■ **DATASET CONTENT**
►
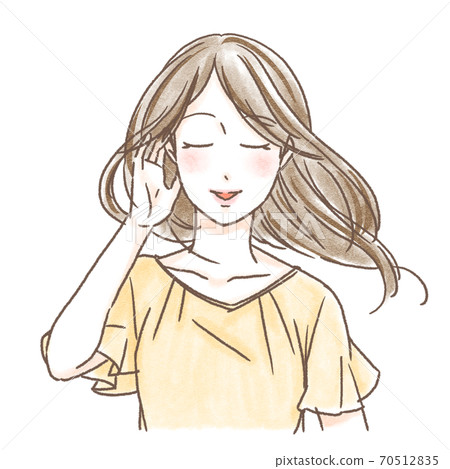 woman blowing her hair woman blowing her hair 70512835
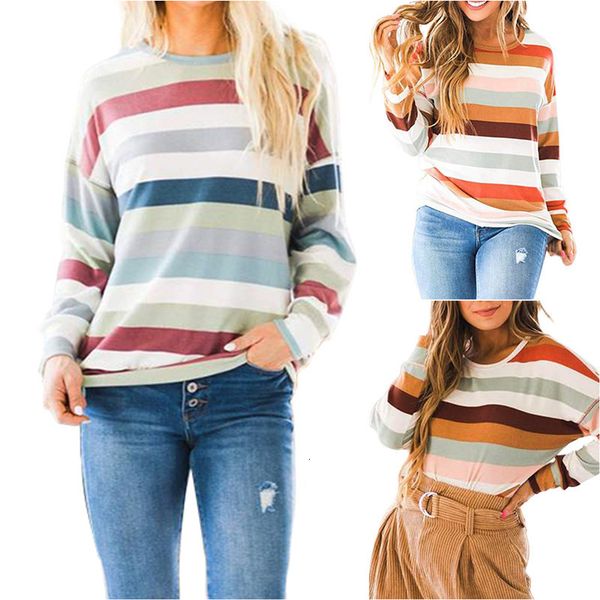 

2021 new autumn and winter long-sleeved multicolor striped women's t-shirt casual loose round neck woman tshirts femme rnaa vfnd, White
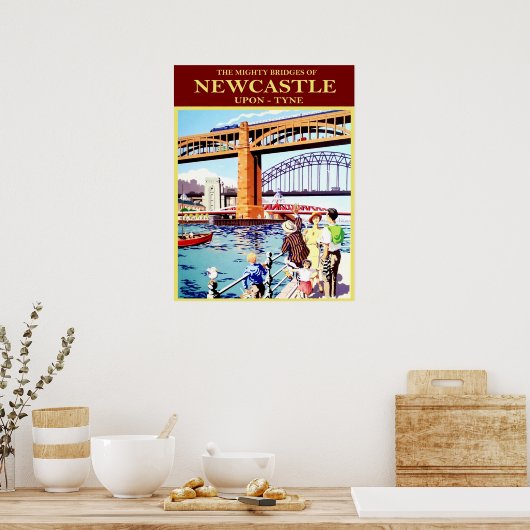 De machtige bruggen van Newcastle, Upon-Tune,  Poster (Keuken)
◄
■ **DESCRIPTION OF THE TASK**
Nothing but the lines from the one containing "2021 new autumn" through the end of the listing should be written out, each exactly, and pictures must be left out.

■ **ANSWER FOR THIS EXERCISE**
2021 new autumn and winter long-sleeved multicolor striped women's t-shirt casual loose round neck woman tshirts femme rnaa vfnd, White
 De machtige bruggen van Newcastle, Upon-Tune,  Poster (Keuken)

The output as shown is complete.